The fp2017 suite has more workloads that are more memory-bound, and it’s here where the M1 Max is absolutely absurd. The workloads that put the most memory pressure and stress the DRAM the most, such as 503.bwaves, 519.lbm, 549.fotonik3d and 554.roms, have all multiple factors of performance advantages compared to the best Intel and AMD have to offer.

The performance differences here are just insane, and really showcase just how far ahead Apple’s memory subsystem is in its ability to allow the CPUs to scale to such degree in memory-bound workloads.

Even workloads which are more execution bound, such as 511.porvray or 538.imagick, are – albeit not as dramatically, still very much clearly in favour of the M1 Max, achieving significantly better performance at drastically lower power.

We noted how the M1 Max CPUs are not able to fully take advantage of the DRAM bandwidth of the chip, and as of writing we didn’t measure the M1 Pro, but imagine that design not to score much lower than the M1 Max here. We can’t help but ask ourselves how much better the CPUs would score if the cluster and fabric would allow them to fully utilise the memory.

SPEC2017 Rate-N Estimated Total

In the aggregate scores – there’s two sides. On the SPECint work suite, the M1 Max lies +37% ahead of the best competition, it’s a very clear win here and given the power levels and TDPs, the performance per watt advantages is clear. The M1 Max is also able to outperform desktop chips such as the 11900K, or AMD’s 5800X.

In the SPECfp suite, the M1 Max is in its own category of silicon with no comparison in the market. It completely demolishes any laptop contender, showcasing 2.2x performance of the second-best laptop chip. The M1 Max even manages to outperform the 16-core 5950X – a chip whose package power is at 142W, with rest of system even quite above that. It’s an absolutely absurd comparison and a situation we haven’t seen the likes of.

We also ran the chip with just the 8 performance cores active, as expected, the scores are a little lower at -7-9%, the 2 E-cores here represent a much smaller percentage of the total MT performance than on the M1.
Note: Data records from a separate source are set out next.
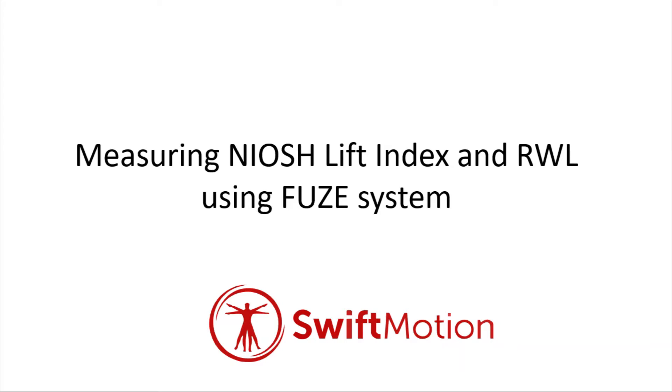The NIOSH lift equation is a commonly used equation to assess the risk of various lifting tasks. In this video we will cover how to calculate the lift index and the recommended weight limits using the FUZE system.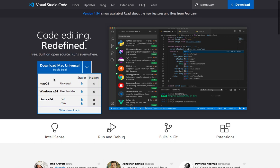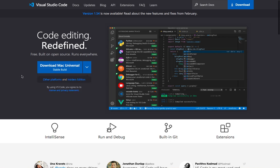If you are a Windows user, just select Windows and download the Windows version. By the way, the button will say Download for Windows if you are using Windows, rather than Download for Mac.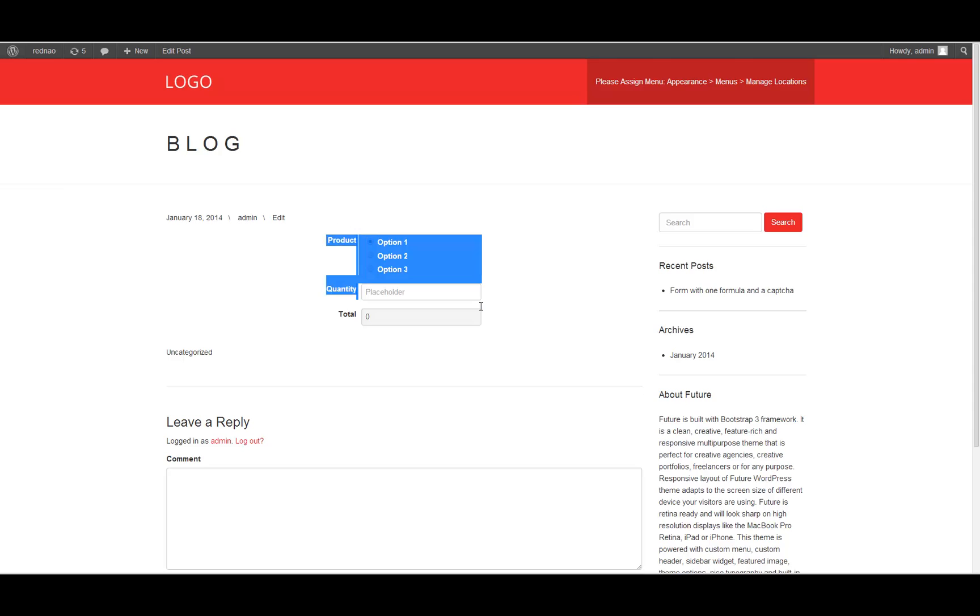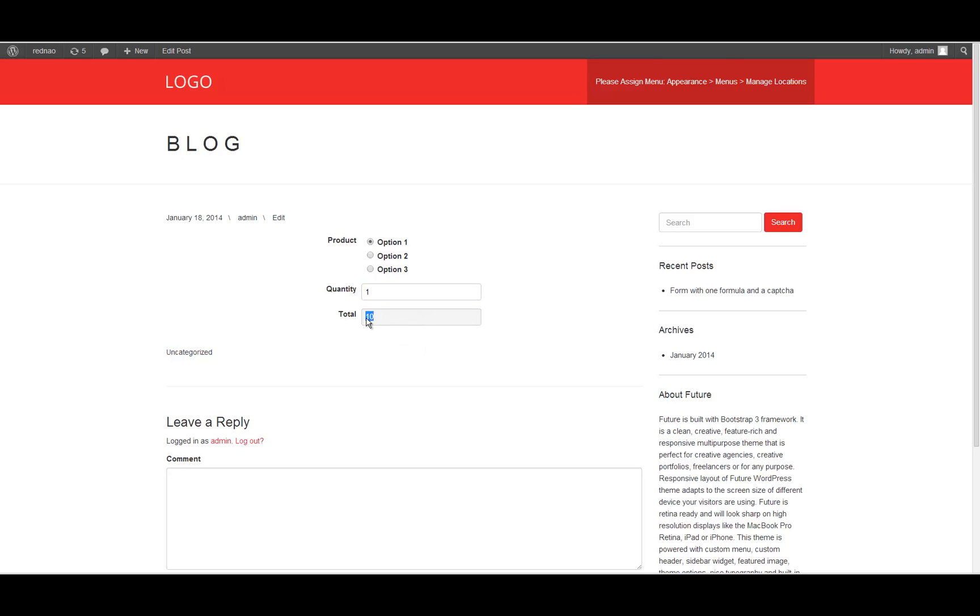And here we have the form. The total is zero right now because we don't have any quantity yet. So if I put one, the total is going to be reflected here. And if I change any value, the total is going to be changed accordingly. So that's it.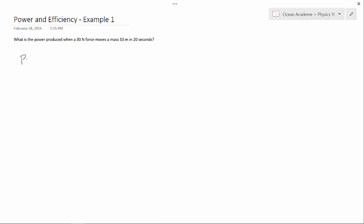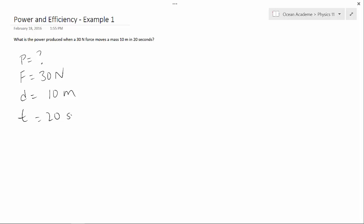First, our unknown is power. We have a force of 30 Newtons, a distance of 10 meters, and a time of 20 seconds.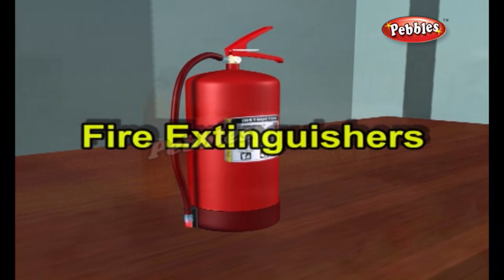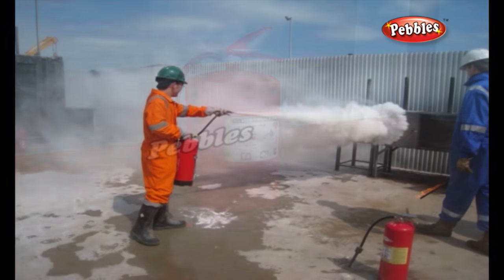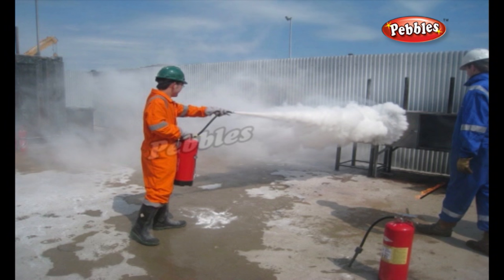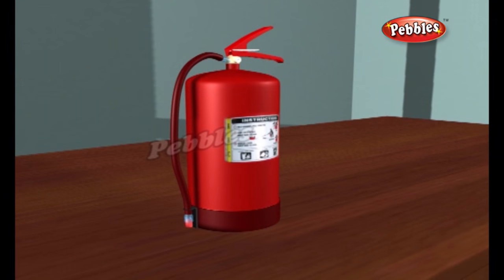A fire extinguisher is an active fire protection device used to extinguish controlled small fires, often in emergency situations. Typically, a fire extinguisher consists of a hand-held cylindrical pressure vessel containing an agent which can be discharged to extinguish a fire.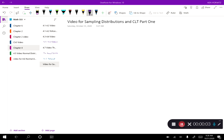Welcome back everybody. Today we're going to talk about sampling distributions and the central limit theorem. This is only part one of a two-part series. Today we're going to do a lot of the theory, and then in part two we'll put it into practice.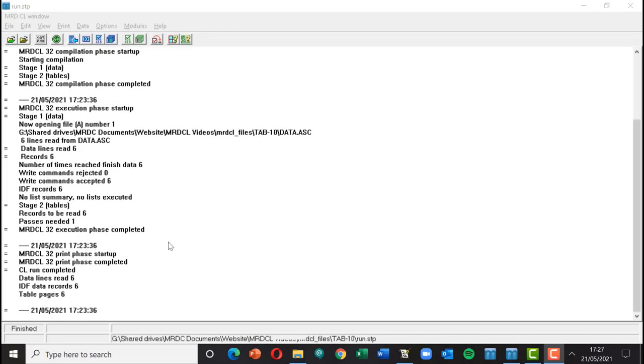Hi and welcome to this video in the MRDCL Fundamentals series. In this video we're going to be looking at filtering tables on those answering or those giving an answer to a particular question.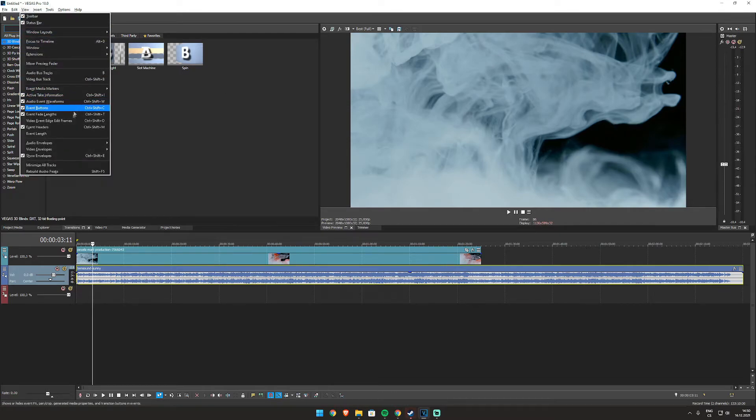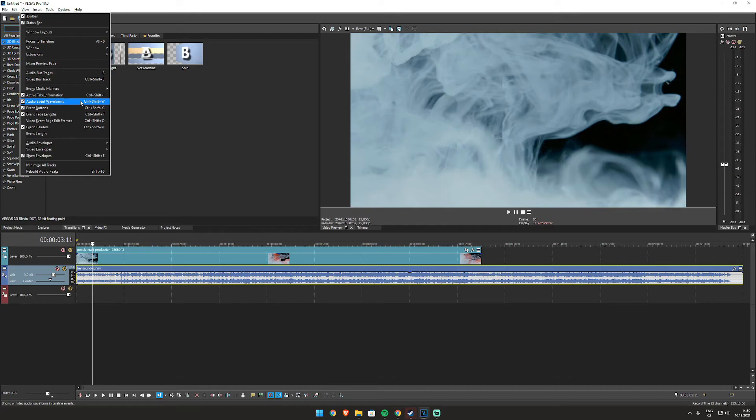And also one thing, if you click on View, you can show it there - audio event waveforms. But you know, you usually have it activated, but you still can't see it. I don't know why it's by default like that.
Apple’s stark advantage in specific workloads here do make us ask the question how this translates into application and use-cases. We’ve never seen such a design before, so it’s not exactly clear where things would land, but I think Apple has been rather clear that their focus with these designs is catering to the content creation crowd, the power users who use the large productivity applications, be it in video editing, audio mastering, or code compiling. These are all areas where the microarchitectural characteristics of the M1 Pro/Max would shine and are likely vastly outperform any other system out there.
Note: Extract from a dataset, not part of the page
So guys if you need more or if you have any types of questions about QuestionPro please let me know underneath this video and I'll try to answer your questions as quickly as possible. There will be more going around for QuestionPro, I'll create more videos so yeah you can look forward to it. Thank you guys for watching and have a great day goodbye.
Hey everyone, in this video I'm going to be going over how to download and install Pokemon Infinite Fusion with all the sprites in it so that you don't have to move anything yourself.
CPU ST Performance: Not Much Change from M1 GPU Performance: 2-4x For Productivity, Mixed Gaming
Comments Locked

493 Comments

View All Comments

  • techconc - Monday, October 25, 2021 - link

    I guess you missed the section where they showed the massive performance gains for the various content creation applications.
  • GatesDA - Monday, October 25, 2021 - link

    Apple currently has the benefit of an advanced manufacturing process. If it feels like future tech compared to Intel/AMD, that's because it is. The real test will be if it still holds up when x86 chips are on equal footing.

    Notably, going from M1 Pro to Max adds more transistors than the 3080 has TOTAL. This wouldn't be feasible without the transistor density of TSMC's N5 process. M1's massive performance CPU cores also benefit from the extra transistor density.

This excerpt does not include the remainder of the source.